Today, the U.S. has the highest incarceration rate of any country in the world. With over 2.3 million men and women living behind bars, our imprisonment rate is the highest it’s ever been in U.S. history. And yet, our criminal justice system has failed on every count: public safety, fairness and cost-effectiveness. Across the country, the criminal justice reform conversation is heating up. Each week, we feature our some of the most exciting and relevant news in overincarceration discourse that we’ve spotted from the previous week. Check back weekly for our top picks.

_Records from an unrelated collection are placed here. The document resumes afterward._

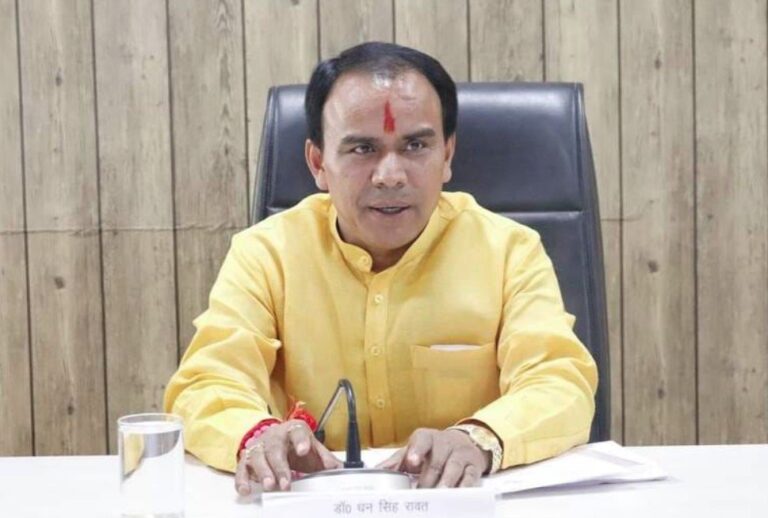 एक दर्जन प्राथमिक विद्यालयों का होगा पुनर्निर्माण- डाॅ. धन सिंह रावत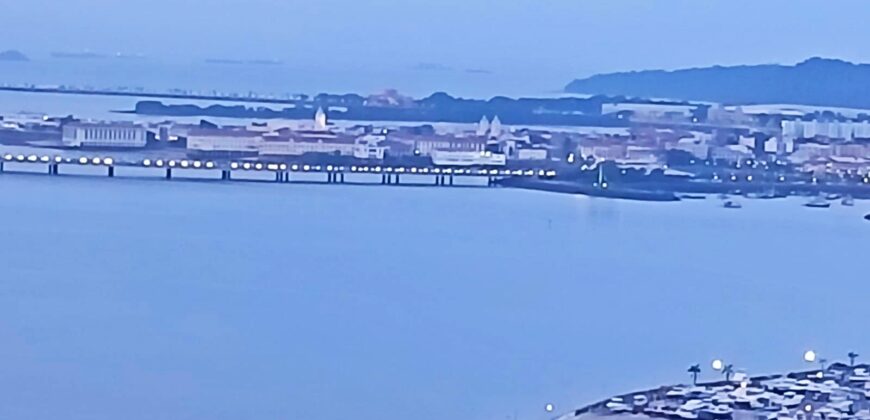 Vendo hermoso y céntrico apartamento en Marbella / Av. Balboa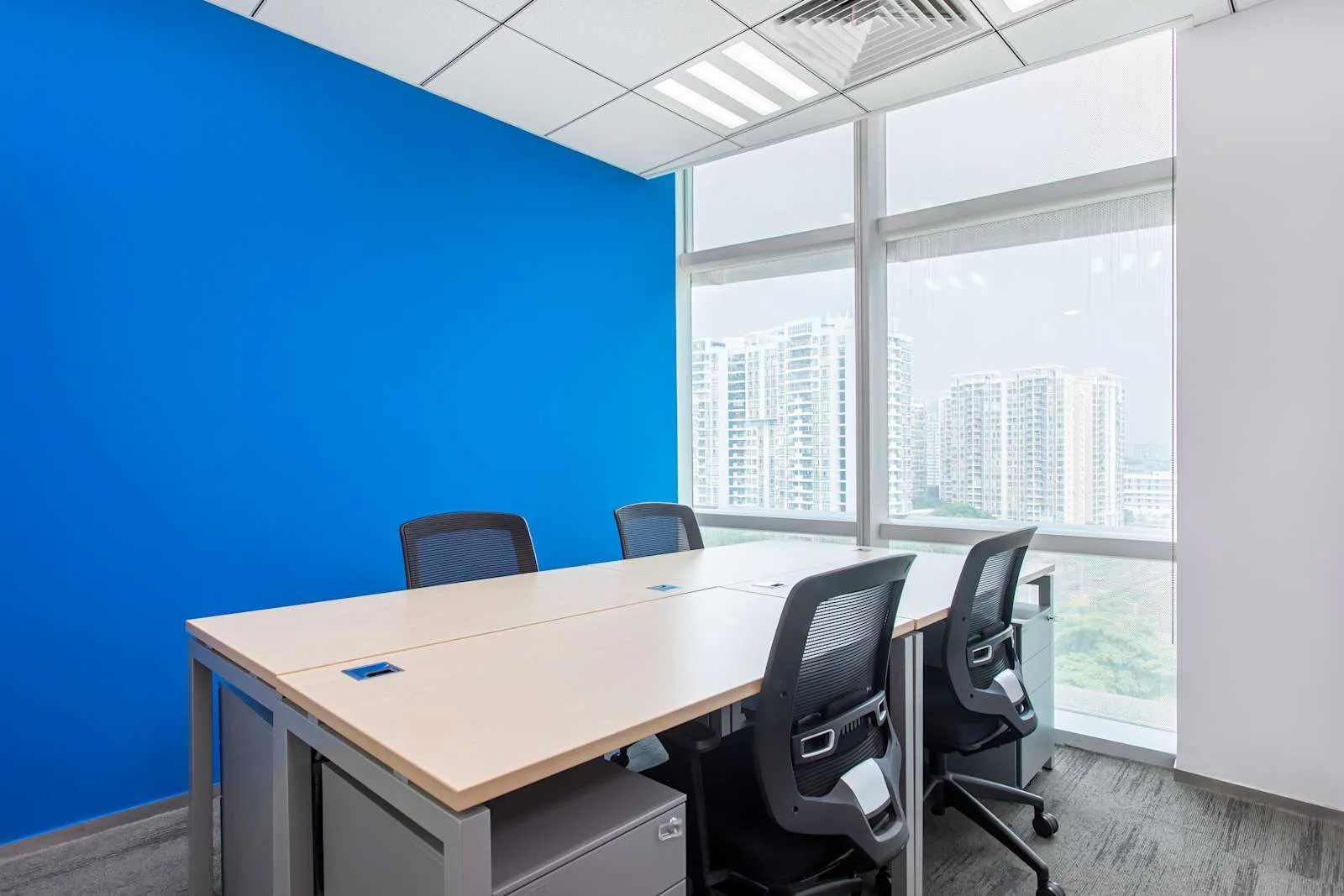 Regus SHENZHEN, SCC、4个工位的独立办公室、深圳市
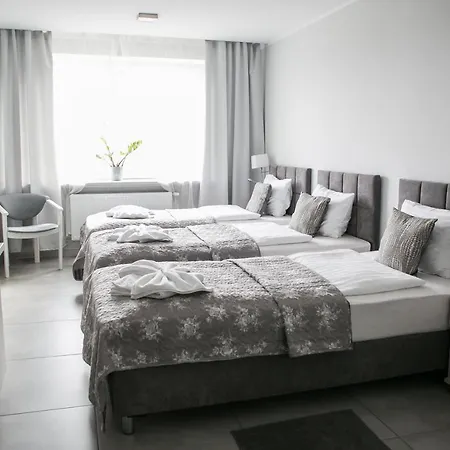 Greys Polonia Hostel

South Dakota Reform Package Falls Short of Promise
In a slow news week, the most significant legislative update is that South Dakota's legislature passed their tepid reform legislation —which, among other things, cements South Dakota's unfortunate standing as the only state in which “internal possession” (i.e., failing a drug test) constitutes drug possession. Governor Daugaard is expected to sign a bill that many consider to be comprehensive reform, but hopefully the state will continue to look for opportunities to reduce its reliance on incarceration.
Loud Calls for Reform from a Federal Judge, a Congressional Research Arm, and Researchers
Also this week, several persuasive and diverse voices called for needed reforms to break the addition to overincarceration:
Last year, we highlighted Judge John Gleeson’s powerful lament about the injustice of federal drug mandatory minimums in the case of Jamel Dossie. Now another flawed facet of federal sentencing has drawn Judge Gleeson’s attention: federal sentencing guidelines. The guidelines are a set of advisory sentences that judges must consider, but are not obligated to follow. Judge Gleeson highlights the guidelines’ severity with the case of Isidro Diaz, a 37-year-old man who operated as a middleman in the sale of a large quantity of heroin, for which the federal guidelines suggest he spend 8-10 years in prison. The judge summarizes his criticism as follows:
[T]he Guidelines ranges for drug trafficking offenses are not based on empirical data, Commission expertise, or the actual culpability of defendants. If they were, they would be much less severe, and judges would respect them more. Instead, they are driven by drug type and quantity, which are poor proxies for culpability.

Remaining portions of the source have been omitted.